§ DIRECTIONS: What appears from the first line of the records below through the line containing "in office 126474924" must be reproduced verbatim.
----
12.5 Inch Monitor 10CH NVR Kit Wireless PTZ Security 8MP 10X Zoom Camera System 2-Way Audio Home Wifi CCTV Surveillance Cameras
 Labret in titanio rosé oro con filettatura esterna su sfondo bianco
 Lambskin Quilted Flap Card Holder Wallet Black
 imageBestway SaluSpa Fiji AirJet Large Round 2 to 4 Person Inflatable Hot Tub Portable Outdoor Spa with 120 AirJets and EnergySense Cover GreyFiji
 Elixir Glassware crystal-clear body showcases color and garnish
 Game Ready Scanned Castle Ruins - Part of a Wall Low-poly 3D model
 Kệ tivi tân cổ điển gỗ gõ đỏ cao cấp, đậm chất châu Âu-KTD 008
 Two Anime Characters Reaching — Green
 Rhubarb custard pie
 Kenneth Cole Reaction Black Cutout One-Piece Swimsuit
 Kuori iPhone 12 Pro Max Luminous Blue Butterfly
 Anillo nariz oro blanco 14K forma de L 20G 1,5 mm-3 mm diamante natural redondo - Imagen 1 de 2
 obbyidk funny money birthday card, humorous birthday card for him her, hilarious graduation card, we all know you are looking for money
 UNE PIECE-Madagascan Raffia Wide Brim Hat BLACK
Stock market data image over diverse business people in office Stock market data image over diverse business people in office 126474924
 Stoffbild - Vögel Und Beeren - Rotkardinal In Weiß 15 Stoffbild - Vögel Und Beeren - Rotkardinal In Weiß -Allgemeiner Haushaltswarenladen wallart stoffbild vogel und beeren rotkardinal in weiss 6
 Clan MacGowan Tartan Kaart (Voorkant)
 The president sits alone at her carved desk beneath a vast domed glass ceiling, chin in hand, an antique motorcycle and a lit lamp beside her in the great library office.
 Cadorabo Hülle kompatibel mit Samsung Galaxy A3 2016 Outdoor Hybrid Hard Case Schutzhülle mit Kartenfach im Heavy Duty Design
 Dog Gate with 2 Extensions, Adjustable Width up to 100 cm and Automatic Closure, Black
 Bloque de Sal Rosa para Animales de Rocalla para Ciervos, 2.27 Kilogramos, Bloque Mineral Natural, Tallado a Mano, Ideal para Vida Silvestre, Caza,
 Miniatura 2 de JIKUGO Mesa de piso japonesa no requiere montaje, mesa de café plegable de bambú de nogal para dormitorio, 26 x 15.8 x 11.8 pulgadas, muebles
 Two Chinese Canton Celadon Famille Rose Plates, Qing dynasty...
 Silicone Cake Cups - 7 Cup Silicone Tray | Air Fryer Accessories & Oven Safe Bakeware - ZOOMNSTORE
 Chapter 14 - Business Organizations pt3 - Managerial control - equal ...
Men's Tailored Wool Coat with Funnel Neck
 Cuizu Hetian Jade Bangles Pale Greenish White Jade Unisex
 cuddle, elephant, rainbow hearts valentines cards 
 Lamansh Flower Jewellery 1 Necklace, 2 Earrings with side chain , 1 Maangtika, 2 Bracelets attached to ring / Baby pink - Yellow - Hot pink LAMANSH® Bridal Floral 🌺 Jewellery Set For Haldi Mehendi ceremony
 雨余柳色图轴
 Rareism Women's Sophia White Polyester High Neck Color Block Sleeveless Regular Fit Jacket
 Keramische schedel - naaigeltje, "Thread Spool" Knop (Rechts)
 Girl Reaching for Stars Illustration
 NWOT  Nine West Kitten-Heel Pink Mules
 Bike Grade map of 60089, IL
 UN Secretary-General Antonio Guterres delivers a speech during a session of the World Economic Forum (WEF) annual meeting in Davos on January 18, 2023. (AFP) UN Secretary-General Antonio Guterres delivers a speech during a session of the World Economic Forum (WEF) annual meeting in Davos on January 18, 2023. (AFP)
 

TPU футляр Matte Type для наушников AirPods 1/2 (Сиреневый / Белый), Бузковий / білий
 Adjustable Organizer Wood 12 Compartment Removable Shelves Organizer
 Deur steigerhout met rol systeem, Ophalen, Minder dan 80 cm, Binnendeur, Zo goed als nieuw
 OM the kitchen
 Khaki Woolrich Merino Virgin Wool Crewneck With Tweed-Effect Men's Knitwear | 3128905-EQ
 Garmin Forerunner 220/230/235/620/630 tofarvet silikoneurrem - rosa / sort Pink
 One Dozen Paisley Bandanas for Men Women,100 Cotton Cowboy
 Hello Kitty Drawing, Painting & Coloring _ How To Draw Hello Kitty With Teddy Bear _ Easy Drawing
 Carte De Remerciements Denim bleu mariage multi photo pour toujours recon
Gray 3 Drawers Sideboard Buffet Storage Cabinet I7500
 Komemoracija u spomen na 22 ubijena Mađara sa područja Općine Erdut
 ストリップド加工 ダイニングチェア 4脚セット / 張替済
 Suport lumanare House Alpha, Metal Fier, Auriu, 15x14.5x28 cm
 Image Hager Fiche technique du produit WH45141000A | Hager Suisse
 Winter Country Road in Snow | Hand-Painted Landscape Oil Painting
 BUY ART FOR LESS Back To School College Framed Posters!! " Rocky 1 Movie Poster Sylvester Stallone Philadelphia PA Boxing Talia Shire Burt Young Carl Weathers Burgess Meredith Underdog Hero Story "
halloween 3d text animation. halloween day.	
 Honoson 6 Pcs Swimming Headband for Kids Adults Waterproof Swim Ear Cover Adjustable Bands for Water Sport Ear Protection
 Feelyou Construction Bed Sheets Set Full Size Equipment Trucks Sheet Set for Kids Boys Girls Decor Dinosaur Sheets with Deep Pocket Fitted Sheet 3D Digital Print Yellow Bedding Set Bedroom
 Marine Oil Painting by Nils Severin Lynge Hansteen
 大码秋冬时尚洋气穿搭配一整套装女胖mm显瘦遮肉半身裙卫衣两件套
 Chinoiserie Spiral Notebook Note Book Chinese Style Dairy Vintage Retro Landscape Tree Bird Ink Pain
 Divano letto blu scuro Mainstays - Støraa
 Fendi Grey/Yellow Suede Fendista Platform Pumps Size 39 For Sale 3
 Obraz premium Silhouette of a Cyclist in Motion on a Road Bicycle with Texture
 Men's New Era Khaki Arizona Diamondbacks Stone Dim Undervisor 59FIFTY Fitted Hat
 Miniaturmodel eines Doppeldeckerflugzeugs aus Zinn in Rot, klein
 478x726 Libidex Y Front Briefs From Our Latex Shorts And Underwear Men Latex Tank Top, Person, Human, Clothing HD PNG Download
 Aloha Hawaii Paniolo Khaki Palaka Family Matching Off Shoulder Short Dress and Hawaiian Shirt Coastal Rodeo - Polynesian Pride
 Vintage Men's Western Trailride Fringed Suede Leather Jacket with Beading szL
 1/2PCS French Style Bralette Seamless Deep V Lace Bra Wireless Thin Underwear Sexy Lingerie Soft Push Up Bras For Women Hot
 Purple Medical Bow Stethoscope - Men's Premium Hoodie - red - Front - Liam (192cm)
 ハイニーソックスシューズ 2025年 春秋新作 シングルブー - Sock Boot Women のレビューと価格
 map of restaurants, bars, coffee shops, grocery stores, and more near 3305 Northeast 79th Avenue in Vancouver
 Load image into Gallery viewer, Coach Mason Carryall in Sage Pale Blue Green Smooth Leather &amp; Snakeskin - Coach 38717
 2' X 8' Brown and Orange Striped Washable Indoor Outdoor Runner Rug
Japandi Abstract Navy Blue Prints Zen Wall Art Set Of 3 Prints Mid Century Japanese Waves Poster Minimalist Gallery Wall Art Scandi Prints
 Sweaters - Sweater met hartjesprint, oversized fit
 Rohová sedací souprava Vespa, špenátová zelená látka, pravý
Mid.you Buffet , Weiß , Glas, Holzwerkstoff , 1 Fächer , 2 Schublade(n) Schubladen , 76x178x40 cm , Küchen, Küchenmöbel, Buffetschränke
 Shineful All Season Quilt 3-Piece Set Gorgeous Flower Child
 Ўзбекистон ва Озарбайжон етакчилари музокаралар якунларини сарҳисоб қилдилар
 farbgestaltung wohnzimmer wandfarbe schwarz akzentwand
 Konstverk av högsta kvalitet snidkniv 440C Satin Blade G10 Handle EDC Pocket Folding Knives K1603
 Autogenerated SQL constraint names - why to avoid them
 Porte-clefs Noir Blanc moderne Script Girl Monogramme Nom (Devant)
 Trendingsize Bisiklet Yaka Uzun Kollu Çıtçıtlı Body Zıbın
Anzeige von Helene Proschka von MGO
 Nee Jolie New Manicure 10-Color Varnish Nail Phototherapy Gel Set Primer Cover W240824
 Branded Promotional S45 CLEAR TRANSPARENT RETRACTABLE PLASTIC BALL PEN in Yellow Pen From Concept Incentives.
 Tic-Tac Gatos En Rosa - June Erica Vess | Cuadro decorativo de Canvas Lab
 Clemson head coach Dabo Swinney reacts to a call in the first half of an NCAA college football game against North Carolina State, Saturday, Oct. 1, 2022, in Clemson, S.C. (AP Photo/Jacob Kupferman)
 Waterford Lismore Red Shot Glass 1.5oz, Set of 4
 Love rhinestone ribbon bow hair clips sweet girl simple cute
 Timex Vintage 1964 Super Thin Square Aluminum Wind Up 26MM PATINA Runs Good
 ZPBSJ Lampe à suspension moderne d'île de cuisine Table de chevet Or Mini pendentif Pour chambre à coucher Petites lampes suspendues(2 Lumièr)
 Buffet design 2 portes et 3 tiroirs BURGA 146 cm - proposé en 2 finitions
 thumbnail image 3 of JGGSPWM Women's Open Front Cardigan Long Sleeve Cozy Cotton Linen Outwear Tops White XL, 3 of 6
----
§ RESULT OF THIS TASK:
12.5 Inch Monitor 10CH NVR Kit Wireless PTZ Security 8MP 10X Zoom Camera System 2-Way Audio Home Wifi CCTV Surveillance Cameras
 Labret in titanio rosé oro con filettatura esterna su sfondo bianco
 Lambskin Quilted Flap Card Holder Wallet Black
 imageBestway SaluSpa Fiji AirJet Large Round 2 to 4 Person Inflatable Hot Tub Portable Outdoor Spa with 120 AirJets and EnergySense Cover GreyFiji
 Elixir Glassware crystal-clear body showcases color and garnish
 Game Ready Scanned Castle Ruins - Part of a Wall Low-poly 3D model
 Kệ tivi tân cổ điển gỗ gõ đỏ cao cấp, đậm chất châu Âu-KTD 008
 Two Anime Characters Reaching — Green
 Rhubarb custard pie
 Kenneth Cole Reaction Black Cutout One-Piece Swimsuit
 Kuori iPhone 12 Pro Max Luminous Blue Butterfly
 Anillo nariz oro blanco 14K forma de L 20G 1,5 mm-3 mm diamante natural redondo - Imagen 1 de 2
 obbyidk funny money birthday card, humorous birthday card for him her, hilarious graduation card, we all know you are looking for money
 UNE PIECE-Madagascan Raffia Wide Brim Hat BLACK
Stock market data image over diverse business people in office Stock market data image over diverse business people in office 126474924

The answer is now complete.